THE DATA START
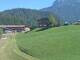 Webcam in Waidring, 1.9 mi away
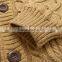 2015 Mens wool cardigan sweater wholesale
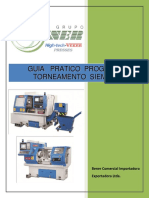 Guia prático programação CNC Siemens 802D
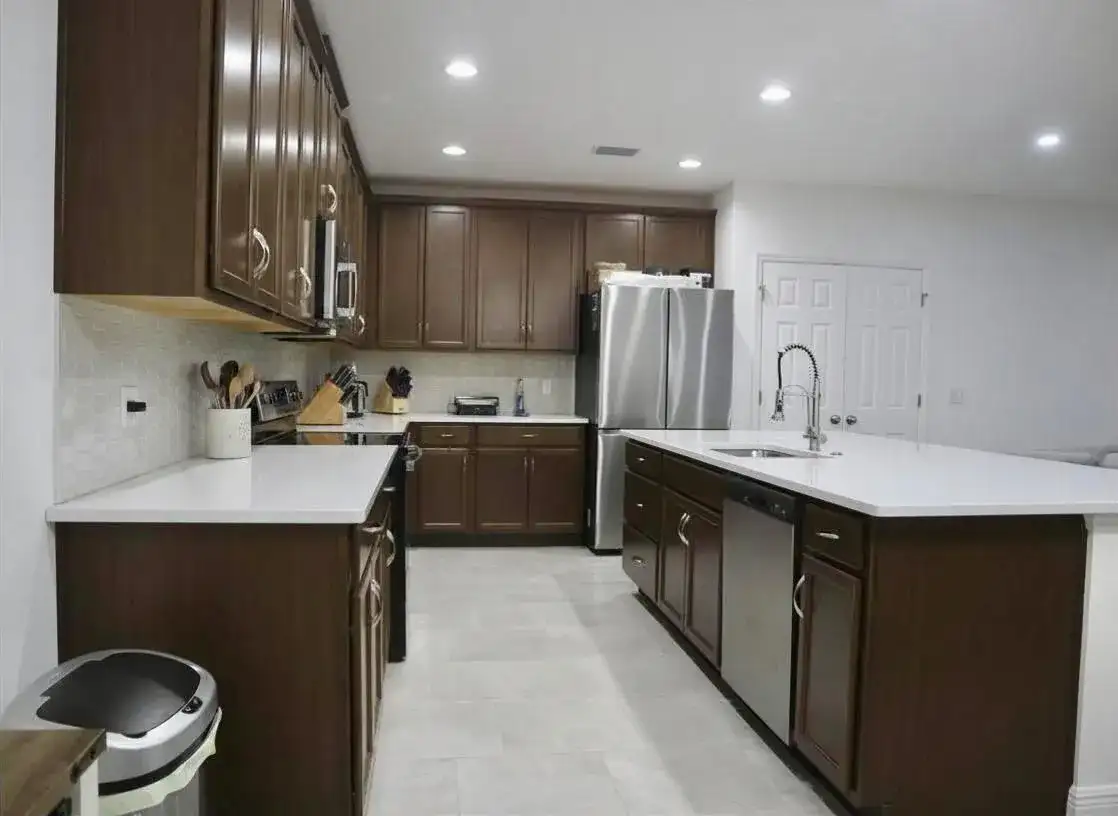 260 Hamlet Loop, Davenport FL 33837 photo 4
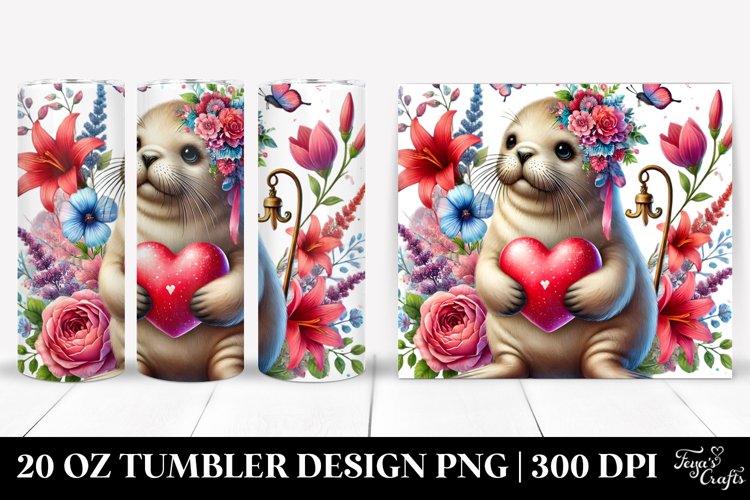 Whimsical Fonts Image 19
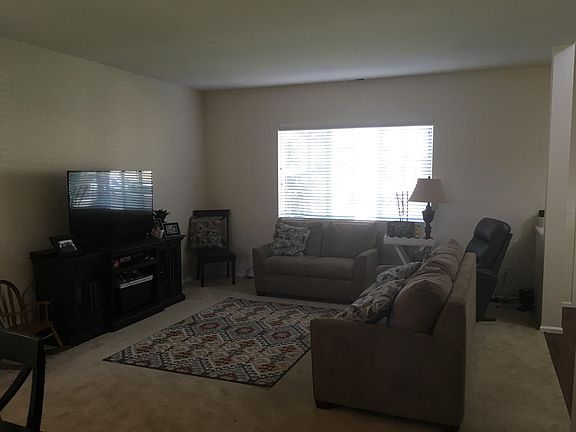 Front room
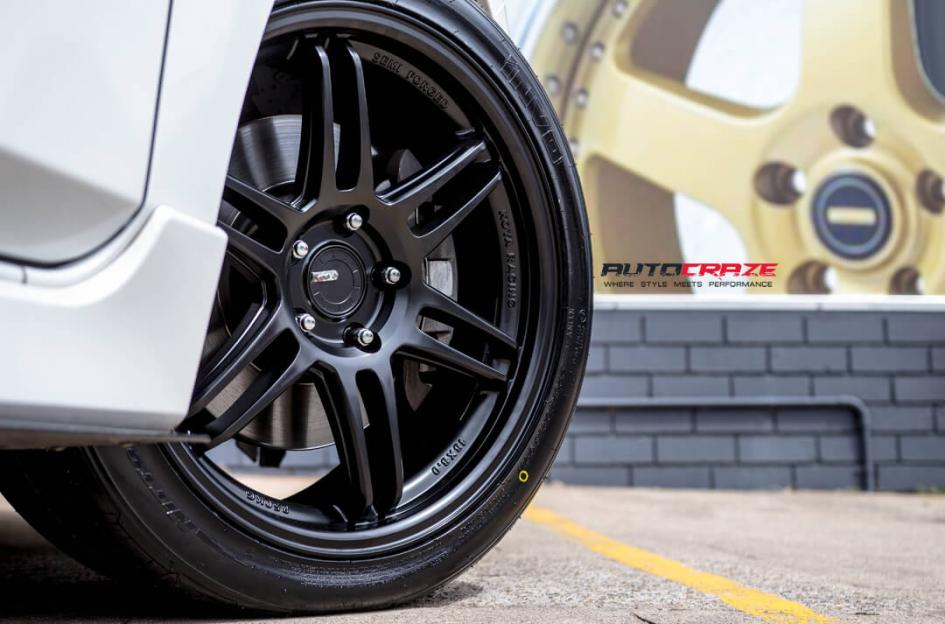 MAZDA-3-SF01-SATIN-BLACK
THE DATA END
**ASSIGNMENT**
Only the words belong in your copy: restate the data above exactly and leave the images out.

**TASK SOLUTION**
 Webcam in Waidring, 1.9 mi away
 2015 Mens wool cardigan sweater wholesale
 Guia prático programação CNC Siemens 802D
 260 Hamlet Loop, Davenport FL 33837 photo 4
 Whimsical Fonts Image 19
 Front room
 MAZDA-3-SF01-SATIN-BLACK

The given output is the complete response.